El Difilobotrium sp es la tenia del salmón. El escólex tiene forma de espátula y se adhiere por botrias. El hombre es hospedero definitivo y se infecta con el consumo de salmónidos, los cuales se infectan al consumir copépodos presentes en el plancton de los lagos; el plancton se infecta por los huevos que expulsa el humano y se forman corasidios que se depositan sobre los vegetales del lago, los que luego son consumidos por estos crustáceos.

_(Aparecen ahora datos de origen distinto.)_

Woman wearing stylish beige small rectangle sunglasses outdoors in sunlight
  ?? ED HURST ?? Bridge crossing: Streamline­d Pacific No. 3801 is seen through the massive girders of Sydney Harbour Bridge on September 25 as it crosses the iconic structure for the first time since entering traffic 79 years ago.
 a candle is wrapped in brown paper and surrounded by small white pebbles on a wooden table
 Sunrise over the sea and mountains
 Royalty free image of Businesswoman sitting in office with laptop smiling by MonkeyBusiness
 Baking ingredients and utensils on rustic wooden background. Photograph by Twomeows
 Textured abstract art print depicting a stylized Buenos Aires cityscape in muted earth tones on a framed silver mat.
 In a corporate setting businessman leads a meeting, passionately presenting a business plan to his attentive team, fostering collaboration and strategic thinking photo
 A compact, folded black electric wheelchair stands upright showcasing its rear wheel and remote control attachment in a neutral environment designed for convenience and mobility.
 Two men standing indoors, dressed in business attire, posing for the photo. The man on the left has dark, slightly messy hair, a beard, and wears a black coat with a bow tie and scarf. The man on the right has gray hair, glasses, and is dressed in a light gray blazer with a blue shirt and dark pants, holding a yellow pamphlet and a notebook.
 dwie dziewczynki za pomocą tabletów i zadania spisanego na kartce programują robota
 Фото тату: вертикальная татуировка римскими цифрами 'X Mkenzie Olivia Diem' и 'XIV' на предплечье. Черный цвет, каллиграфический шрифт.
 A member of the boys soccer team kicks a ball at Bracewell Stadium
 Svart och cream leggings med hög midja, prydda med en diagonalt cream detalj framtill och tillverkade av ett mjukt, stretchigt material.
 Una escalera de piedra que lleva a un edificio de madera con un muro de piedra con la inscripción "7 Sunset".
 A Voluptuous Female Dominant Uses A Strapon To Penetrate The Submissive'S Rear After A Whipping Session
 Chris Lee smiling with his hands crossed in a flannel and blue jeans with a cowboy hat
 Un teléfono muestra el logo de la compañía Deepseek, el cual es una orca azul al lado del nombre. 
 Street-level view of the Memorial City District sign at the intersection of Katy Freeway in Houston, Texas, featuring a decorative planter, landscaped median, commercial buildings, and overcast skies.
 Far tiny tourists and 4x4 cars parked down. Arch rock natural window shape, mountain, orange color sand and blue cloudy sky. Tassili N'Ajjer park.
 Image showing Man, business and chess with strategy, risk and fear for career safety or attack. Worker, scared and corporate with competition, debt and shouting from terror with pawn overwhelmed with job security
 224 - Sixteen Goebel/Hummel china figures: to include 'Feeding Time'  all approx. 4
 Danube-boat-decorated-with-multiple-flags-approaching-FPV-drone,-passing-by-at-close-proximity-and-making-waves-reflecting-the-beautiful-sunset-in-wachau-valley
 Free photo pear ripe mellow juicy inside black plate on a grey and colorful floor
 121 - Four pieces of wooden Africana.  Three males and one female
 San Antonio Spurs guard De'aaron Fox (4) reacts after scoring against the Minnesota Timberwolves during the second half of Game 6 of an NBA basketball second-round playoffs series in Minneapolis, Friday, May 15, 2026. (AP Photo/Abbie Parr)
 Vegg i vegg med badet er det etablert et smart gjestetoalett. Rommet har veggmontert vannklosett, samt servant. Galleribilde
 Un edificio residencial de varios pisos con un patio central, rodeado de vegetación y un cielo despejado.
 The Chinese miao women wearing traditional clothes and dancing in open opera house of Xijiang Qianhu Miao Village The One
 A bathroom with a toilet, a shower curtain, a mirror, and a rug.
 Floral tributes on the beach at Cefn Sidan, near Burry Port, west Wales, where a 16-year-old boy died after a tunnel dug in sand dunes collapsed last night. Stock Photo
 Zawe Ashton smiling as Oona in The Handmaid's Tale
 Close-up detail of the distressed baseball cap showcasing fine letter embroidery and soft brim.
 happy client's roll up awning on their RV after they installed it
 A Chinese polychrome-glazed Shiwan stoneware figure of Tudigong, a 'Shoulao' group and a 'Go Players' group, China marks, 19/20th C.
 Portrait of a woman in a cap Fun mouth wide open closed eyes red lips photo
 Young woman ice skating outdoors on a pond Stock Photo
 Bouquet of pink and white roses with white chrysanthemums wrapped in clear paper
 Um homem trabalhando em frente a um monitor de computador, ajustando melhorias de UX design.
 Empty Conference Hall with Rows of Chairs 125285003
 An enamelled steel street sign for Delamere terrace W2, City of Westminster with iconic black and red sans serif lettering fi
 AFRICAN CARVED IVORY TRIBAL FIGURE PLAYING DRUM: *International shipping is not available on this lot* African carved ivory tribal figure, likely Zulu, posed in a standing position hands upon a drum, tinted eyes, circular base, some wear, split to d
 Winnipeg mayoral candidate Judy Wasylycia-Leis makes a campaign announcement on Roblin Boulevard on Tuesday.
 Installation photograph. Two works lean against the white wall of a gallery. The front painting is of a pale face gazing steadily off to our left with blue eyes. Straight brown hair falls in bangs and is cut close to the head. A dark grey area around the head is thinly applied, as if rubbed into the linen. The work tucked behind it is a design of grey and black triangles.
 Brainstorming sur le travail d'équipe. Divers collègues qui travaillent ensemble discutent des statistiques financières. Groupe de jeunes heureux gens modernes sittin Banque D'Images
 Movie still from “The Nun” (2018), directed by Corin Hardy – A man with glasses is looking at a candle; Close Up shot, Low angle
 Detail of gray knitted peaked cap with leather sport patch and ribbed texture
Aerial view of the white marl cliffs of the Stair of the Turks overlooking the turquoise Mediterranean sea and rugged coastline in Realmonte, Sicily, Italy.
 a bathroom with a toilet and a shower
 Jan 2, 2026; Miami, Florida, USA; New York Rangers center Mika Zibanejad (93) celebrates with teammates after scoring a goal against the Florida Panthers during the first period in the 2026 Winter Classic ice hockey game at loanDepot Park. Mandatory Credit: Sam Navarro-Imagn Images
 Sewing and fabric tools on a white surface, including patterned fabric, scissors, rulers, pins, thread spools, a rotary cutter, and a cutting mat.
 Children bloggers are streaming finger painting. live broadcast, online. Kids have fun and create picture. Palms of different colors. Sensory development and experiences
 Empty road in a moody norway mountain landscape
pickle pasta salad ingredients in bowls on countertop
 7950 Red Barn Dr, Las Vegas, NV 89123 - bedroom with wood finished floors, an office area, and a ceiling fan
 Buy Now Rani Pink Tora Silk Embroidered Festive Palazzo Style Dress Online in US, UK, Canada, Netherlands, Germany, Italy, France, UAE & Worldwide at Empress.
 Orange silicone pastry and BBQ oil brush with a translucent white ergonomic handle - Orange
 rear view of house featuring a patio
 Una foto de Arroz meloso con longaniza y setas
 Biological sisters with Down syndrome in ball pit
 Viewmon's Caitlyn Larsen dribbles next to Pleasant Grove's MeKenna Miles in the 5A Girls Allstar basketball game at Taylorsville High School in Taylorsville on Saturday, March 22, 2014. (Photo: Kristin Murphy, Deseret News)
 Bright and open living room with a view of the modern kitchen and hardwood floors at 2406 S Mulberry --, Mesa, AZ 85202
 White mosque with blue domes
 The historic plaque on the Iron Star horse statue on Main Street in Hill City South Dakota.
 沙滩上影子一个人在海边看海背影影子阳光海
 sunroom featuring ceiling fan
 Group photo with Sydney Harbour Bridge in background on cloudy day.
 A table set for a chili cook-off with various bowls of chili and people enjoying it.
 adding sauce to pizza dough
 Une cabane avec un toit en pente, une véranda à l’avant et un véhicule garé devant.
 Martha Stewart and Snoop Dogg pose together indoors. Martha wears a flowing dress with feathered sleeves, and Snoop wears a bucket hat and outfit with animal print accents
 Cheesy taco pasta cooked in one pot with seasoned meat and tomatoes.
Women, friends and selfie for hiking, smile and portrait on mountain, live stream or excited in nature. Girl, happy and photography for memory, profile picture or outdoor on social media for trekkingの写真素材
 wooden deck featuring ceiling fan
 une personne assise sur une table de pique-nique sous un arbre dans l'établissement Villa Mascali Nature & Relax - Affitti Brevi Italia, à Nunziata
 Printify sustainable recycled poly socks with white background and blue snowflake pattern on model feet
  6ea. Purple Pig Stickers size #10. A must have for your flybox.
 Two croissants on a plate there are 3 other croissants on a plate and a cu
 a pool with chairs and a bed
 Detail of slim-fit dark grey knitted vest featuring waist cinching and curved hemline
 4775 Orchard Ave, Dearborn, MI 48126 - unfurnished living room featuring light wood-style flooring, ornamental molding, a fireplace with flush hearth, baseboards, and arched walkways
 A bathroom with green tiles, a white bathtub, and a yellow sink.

El tratamiento consiste en niclosamida (2 tabletas de 500 mg, 2 veces/día, en niños, y 4 tabletas de 500 mg, 2 veces al día, en adultos, por 1 día) y prazicuantel (tabletas de 150 mg y 500 mg 10mg/kg, dosis única).
Parasitosis por Nematodos
La enterobiasis es la infección causada por el Enterobius vermicularis, cuyo hábitat es el colon. Es una parasitosis cosmopolita cuya biología se ve favorecida por el hospedero, ya que cuando éste se infecta, prácticamente infecta a todo el ambiente familiar. Se adquiere por ingesta de huevos por vía oral, por inhalación de huevos presentes en el polvo ambiental, por ingesta de alimentos contaminados o por retroinfección rectal.
Este parásito, que también se conoce como oxiuro, es pequeño (mide entre 0,5 cm y 1 cm), su hábitat es el ciego y el colon, y su hembra pone una gran cantidad de huevos (11.000). El ciclo se inicia con el desarrollo de la larva; cuando ésta se libera, crecen la hembra y el macho.
El diagnóstico se realiza por el hallazgo de gusanos en la región perianal y de huevos en la deposición o en el test de Graham, que consiste en colocar una cinta adhesiva en la zona anal, antes de lavarla, por la mañana. El examen coproparasitario tiene bajo rendimiento.
El tratamiento se hace con mebendazol y albendazol, como fármacos de elección, en especial mebenzadol, en dosis única de 200 mg/día, que se debe repetir a los 15 días. También se puede utilizar albendazol, 400 mg/día (dosis única) o Pirantel, 10mg/kg/día (dosis única).
Parásitos en Niños
En la infancia los parásitos intestinales pueden presentar una amplia gama de sintomatología. Los niños son más propensos a adquirir parásitos debido a que juegan con tierra, tienen menos hábitos de lavado de manos y suelen echarse a la boca alimentos sin lavar o cosas que recogen del suelo.